How to use tf-idf feature of scikit-learn?

tf-idf
python
scikit-learn

#1

I have a dataset where each columns for a variable has data entries spanning with multiple entries and hence I figured may be the bag of words function of scikit may help me to convert these into viable features.But,however,I have never worked with this function and need an example as such,regarding the same.I searched for blogs or some random articles related to it,but was unable to find anything useful.Please help.


#2

This normalization is implemented by the text.TfidfTransformer class in Python.

Understanding tf-idf:
Typically, the tf-idf weight is composed by two terms: the first
computes the normalized Term Frequency (TF), aka. the number of times a
word appears in a document, divided by the total number of words in that
document; the second term is the Inverse Document Frequency (IDF),
computed as the logarithm of the number of the documents in the corpus
divided by the number of documents where the specific term appears.

TF:
Term Frequency, which measures how frequently a term occurs in a
document. Since every document is different in length, it is possible
that a term would appear much more times in long documents than shorter
ones. Thus, the term frequency is often divided by the document length
(aka. the total number of terms in the document) as a way of
normalization:

TF(t) = (Number of times term t appears in a document) / (Total number of terms in the document).

IDF:
Inverse Document Frequency, which measures how important a term is.
While computing TF, all terms are considered equally important. However
it is known that certain terms, such as “is”, “of”, and “that”, may
appear a lot of times but have little importance. Thus we need to weigh
down the frequent terms while scale up the rare ones, by computing the
following:

IDF(t) = log_e(Total number of documents / Number of documents with term t in it).
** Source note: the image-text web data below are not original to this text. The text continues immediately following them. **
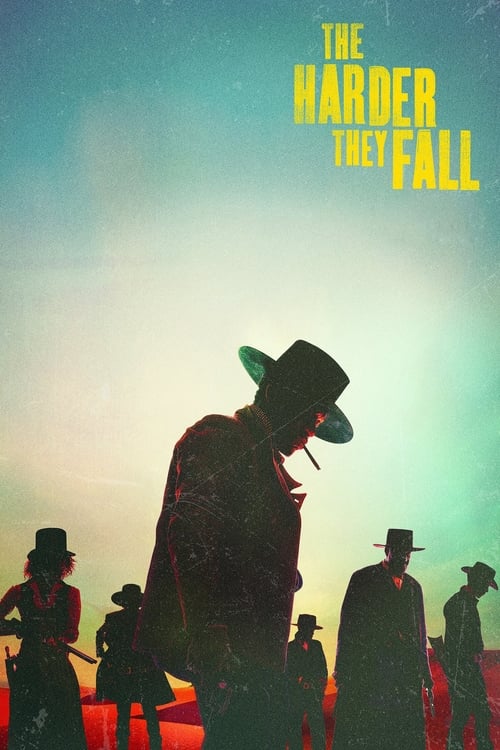The Harder They Fall - poster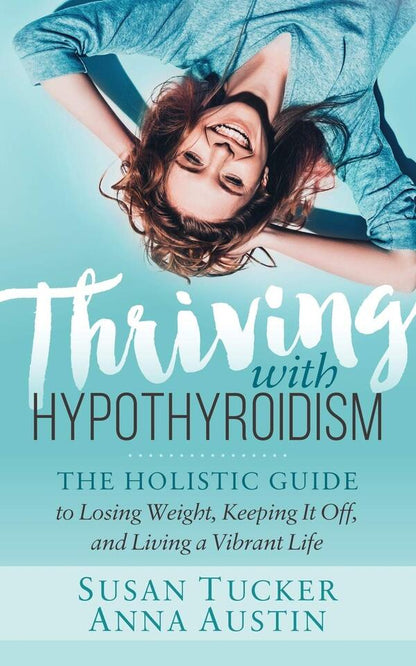 Thriving with Hypothyroidism / Thriving with Hypothyroidism Сьюзан Такер, Анна Остин / Anna Austin 978-1-64279-149-5-1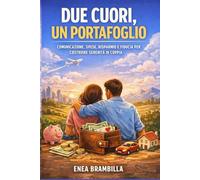 Due Cuori, un Portafoglio: Comunicazione, spese, risparmio e fiducia per costruire serenità in coppia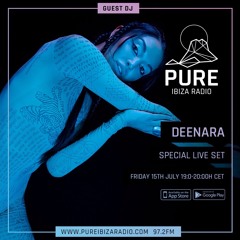 Podcast DEENARA  Pure Ibiza Radio 15/07/22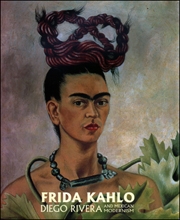 Frida Kahlo, Diego Rivera and Mexican Modernism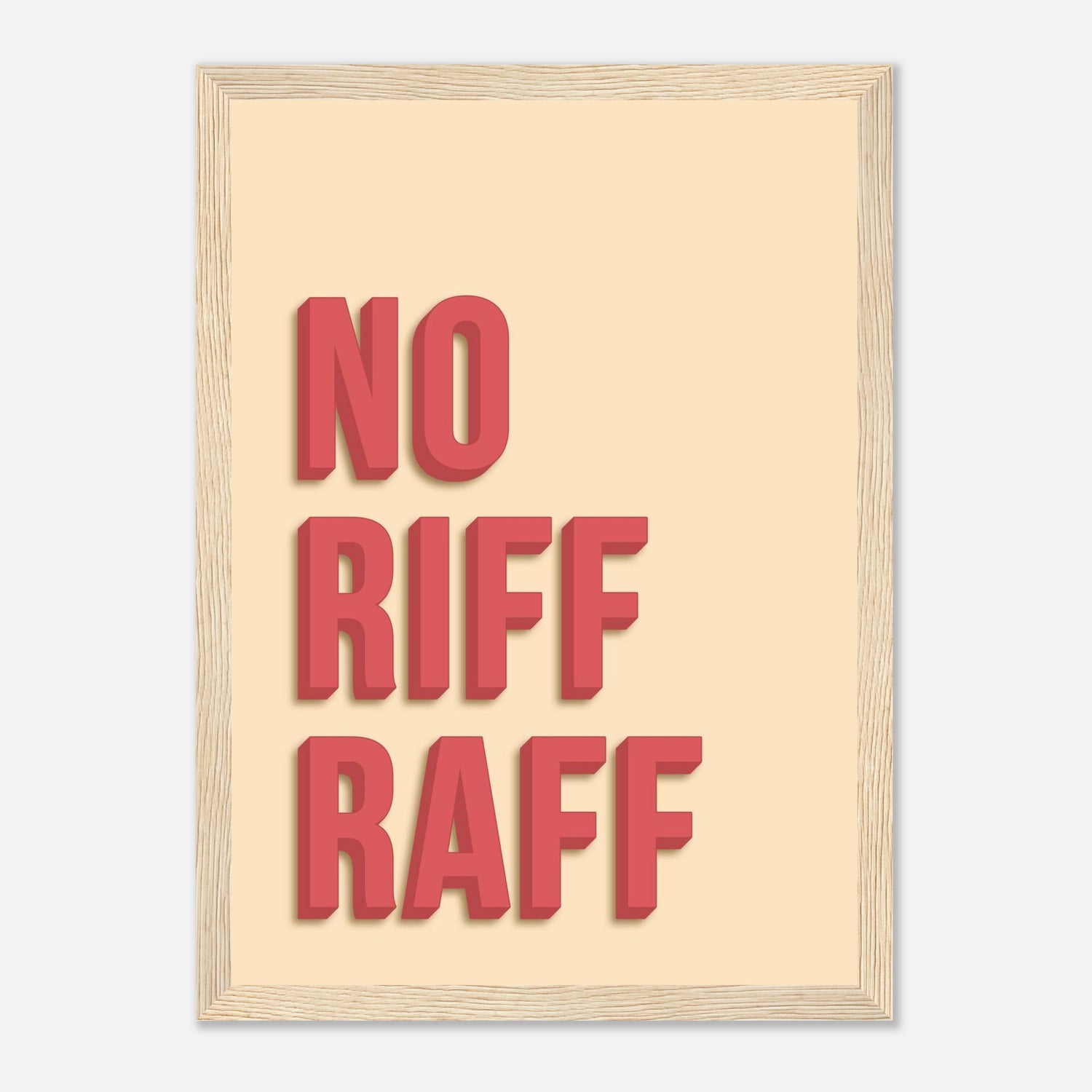No Riff Raff Print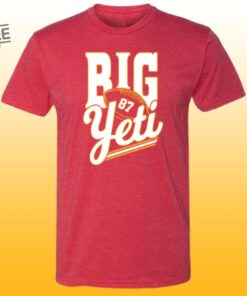 Travis Kelce Big Yeti T Shirt Big Yeti Kelce Travis Kelce Big Yeti Shirt Big Yeti Travis Kelce Jason Kelce Big Yeti Unique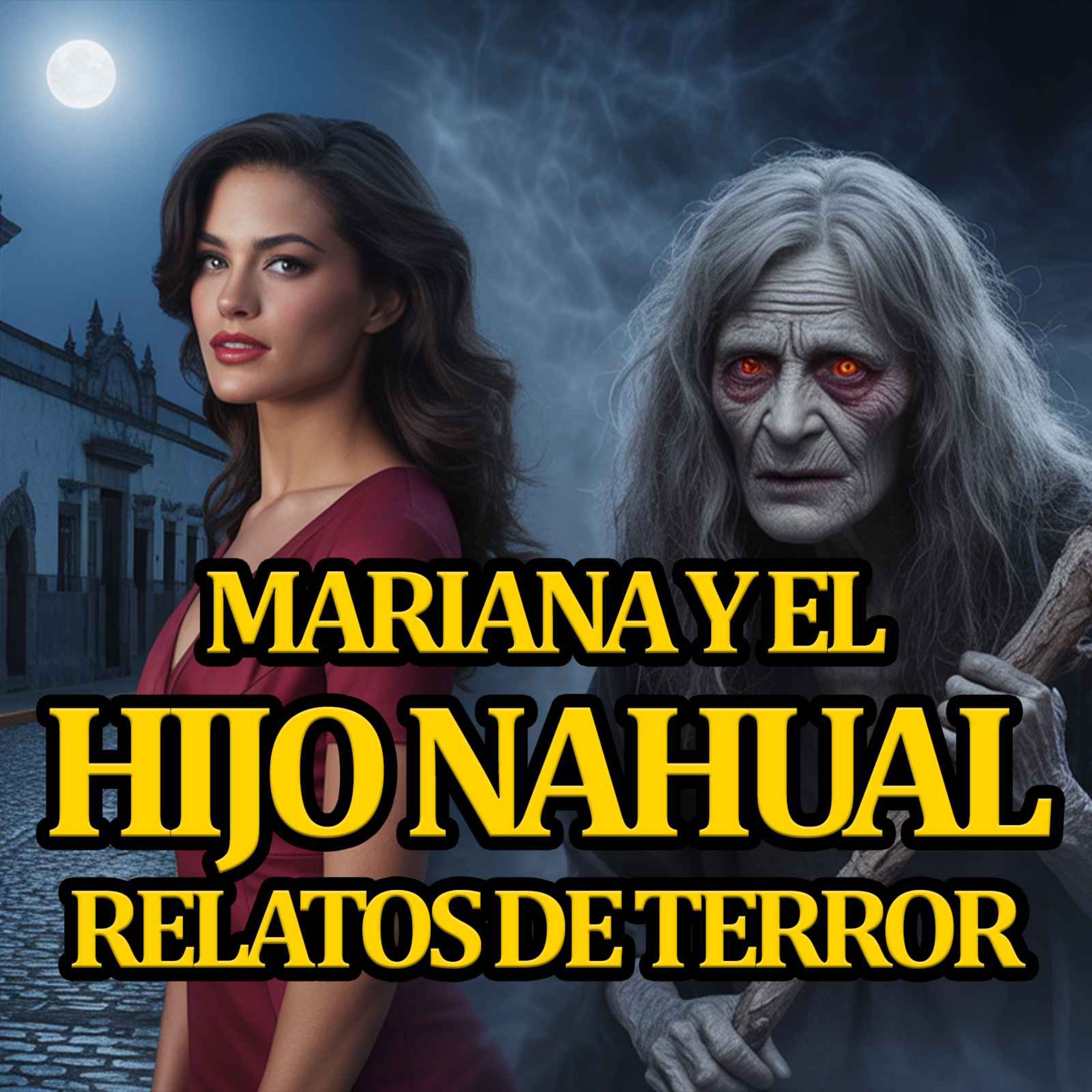 MARIANA Y EL HIJO NAHUAL DE LA BRUJA episode artwork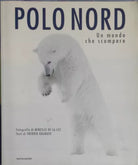 Polo Nord, un mondo che scompare - AA. VV. - Mondadori Electa - 2007 - G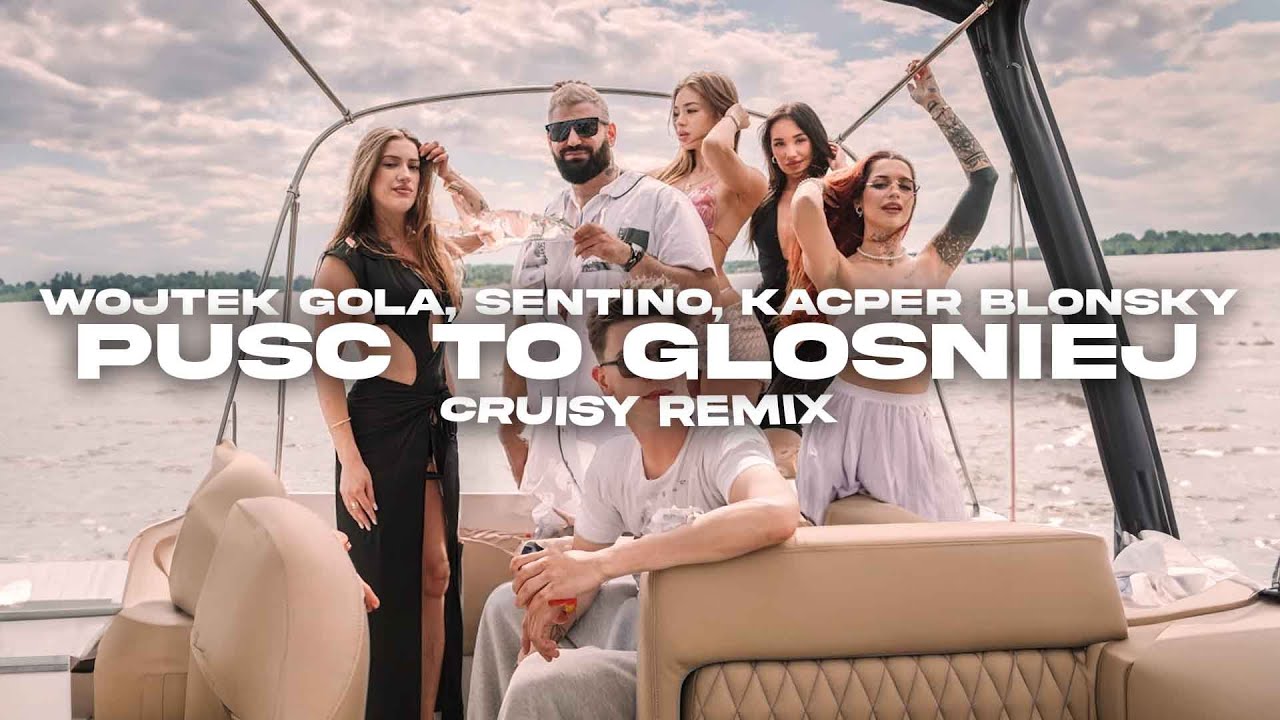 WOJTEK GOLA, SENTINO, KACPER BLONSKY - PUŚĆ TO GŁOŚNIEJ (Cruisy Remix)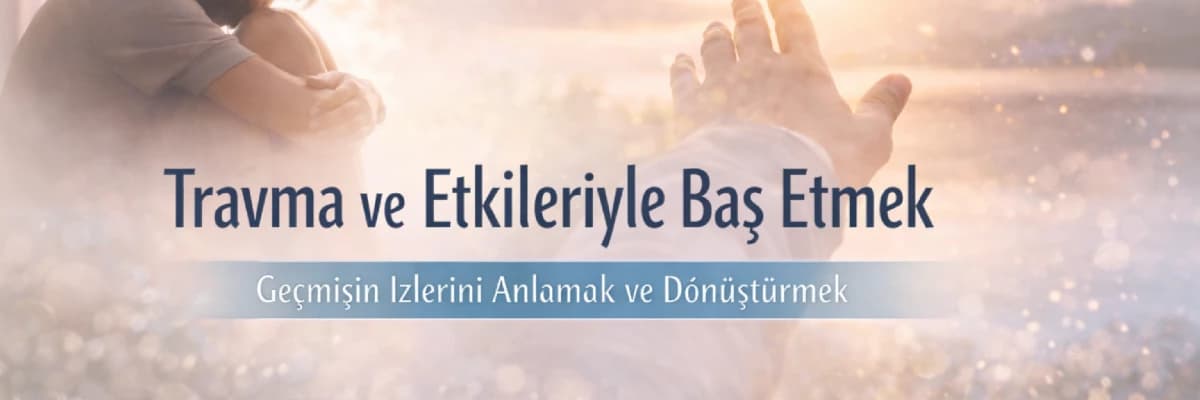 Travmatik Olayların Yaşamımız Üzerindeki Görünmez Etkileri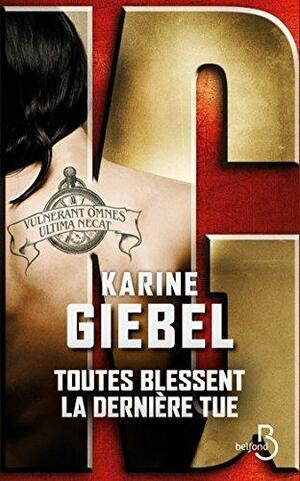 Toutes blessent, la dernière tue by Karine Giébel, Karine Giébel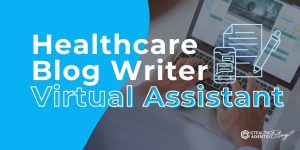 Healthcare Blog Writer Virtual Assistant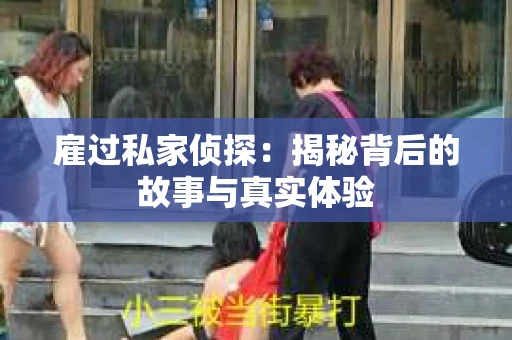 雇过私家侦探：揭秘背后的故事与真实体验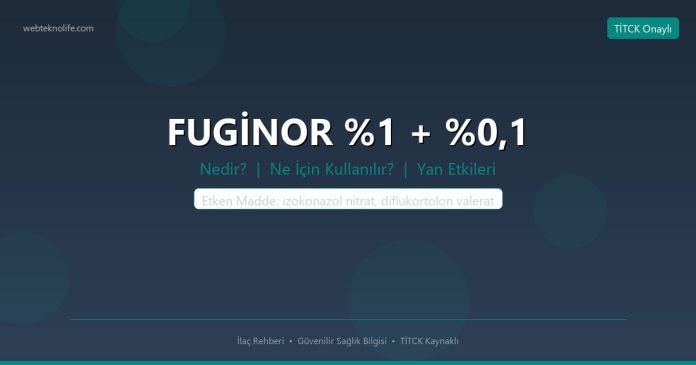 FUGİNOR %1 + %0,1 nedir ne işe yarar - ilaç bilgisi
See below for a simple example.

Example:

Consider
a document containing 100 words wherein the word cat appears 3 times.
The term frequency (i.e., tf) for cat is then (3 / 100) = 0.03. Now,
assume we have 10 million documents and the word cat appears in one
thousand of these. Then, the inverse document frequency (i.e., idf) is
calculated as log(10,000,000 / 1,000) = 4. Thus, the Tf-idf weight is
the product of these quantities: 0.03 * 4 = 0.12.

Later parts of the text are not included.